HOME PAGE SUBSCRIPTIONS, Print Editions, Newsletter PRODUCTS READ THE PETROLEUM NEWS ARCHIVE! ADVERTISING INFORMATION EVENTS PETROLEUM NEWS BAKKEN MINING NEWS

Providing coverage of Alaska and northern Canada's oil and gas industry
December 2009

Vol. 14, No. 51 Week of December 20, 2009

Power for the future

AEA publishes draft integrated resource plan for Alaska Railbelt electricity

Alan Bailey

Petroleum News

The Alaska Energy Authority has published a draft regional integrated resource plan that presents options and recommendations for the future of electricity power generation, transmission and demand management in Alaska’s Railbelt.

The plan, commissioned from consultants Black & Veatch, is intended to provide guidance to policy makers regarding infrastructure upgrades and the appropriate mix of energy sources for power generation in the Railbelt over the next 50 years, and forms part of a package of Railbelt energy-related documents and ideas heading for the upcoming legislative session, as lawmakers and the state administration try to grapple with a series of major energy issues impacting the state.

The Railbelt, containing Alaska’s main population centers, interconnected through an isolated power grid and extending more than 500 miles from the southern Kenai Peninsula north to Fairbanks and Delta Junction, is facing a series of power supply problems: rapidly tightening supplies of natural gas, the main fuel for power supplies in Southcentral Alaska; a high level of dependence on fossil fuels; and an aging power generation and transmission infrastructure, with inefficient power plants and single points of failure along transmission interties of limited capacity.

Southcentral Alaska faces potential power shortages because of the deteriorating gas supply situation, while the Fairbanks area, with its partial dependence on oil-fueled electricity generation, has seen electricity costs soar.

Large-scale hydro

The integrated resource plan recommends a major move into the use of large-scale hydropower, but with natural gas continuing as a major fuel for power generation, albeit with the region’s dependence on gas substantially reduced. In fact, the exceptionally long 50-year timeframe for the plan reflects an anticipated need for major hydropower projects, Kevin Harper, Black & Veatch project manager, told an audience of state legislators, state officials, power utility executives and interested members of the public at an AEA-convened meeting in Anchorage on Dec. 10.

“We did it for 50 years because we were looking specifically at large hydro as … a key resource, and those projects are very long lived,” Harper said.

Other significant but less prominent energy sources would be geothermal energy from the Mount Spurr volcano, wind power, and methane from municipal solid waste sites. Coal would also be used as a fuel source in some situations. The use of fuel oil for power generation in Fairbanks would be phased out over a period of about 10 years. And the study recommends investigating with government agencies the environmental and permitting issues that may be associated with the use of tidal power, probably from the Turnagain Arm of Cook Inlet, although the study team views tidal power technology as insufficiently mature for inclusion in the integrated resource plan at the current time.

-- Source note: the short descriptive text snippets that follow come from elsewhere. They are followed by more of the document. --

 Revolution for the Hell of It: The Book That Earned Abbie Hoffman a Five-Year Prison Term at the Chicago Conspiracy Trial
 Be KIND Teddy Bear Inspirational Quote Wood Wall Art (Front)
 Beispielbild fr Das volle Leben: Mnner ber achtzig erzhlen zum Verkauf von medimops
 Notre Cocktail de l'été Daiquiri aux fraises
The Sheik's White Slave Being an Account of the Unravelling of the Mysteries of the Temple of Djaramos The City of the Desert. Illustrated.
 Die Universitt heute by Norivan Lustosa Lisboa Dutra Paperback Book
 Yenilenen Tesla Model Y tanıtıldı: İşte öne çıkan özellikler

An underground coal gasification power plant proposed by Cook Inlet Region Inc for the west side of Cook Inlet is not included in the plan, this particular proposal not having appeared until some way through the integrated resource plan study period.

The integrated resource plan says that the primary source of future hydropower would likely be a proposed 330-megawatt system at Lake Chakachamna near Mount Spurr, although an alternative 600-megawatt system on the Susitna River, to the north of the Talkeetna Mountains, is also a possibility. The scale and cost of the Lake Chakachamna system would be more appropriate to the needs of the Railbelt grid than that of a Susitna system but, given the significant technical and permitting uncertainties associated with both systems, both projects should be pursued until sufficient information is available to make a decision on which to construct, the plan says.

Transmission network

In addition to recommending a particular mix of power sources for the future, the plan recommends a series of upgrades and additions to the current Railbelt transmission network, to alleviate the existing constraints on the amount of power that can be transferred between different parts of the region, to improve the overall reliability of the transmission system and to enable proposed new generation capacity to be brought on line.

The plan also recommends the development of state targets for improved energy efficiency, given that increased efficiency in energy consumption is a highly cost-effective way of managing the balance between energy demand and energy supplies. However, given factors such as a low dependency on electrical power for heating water and buildings in Alaska, the plan anticipates a relatively modest saving of around 8 percent in Railbelt power demand as a consequence of demand management and energy efficiency improvements.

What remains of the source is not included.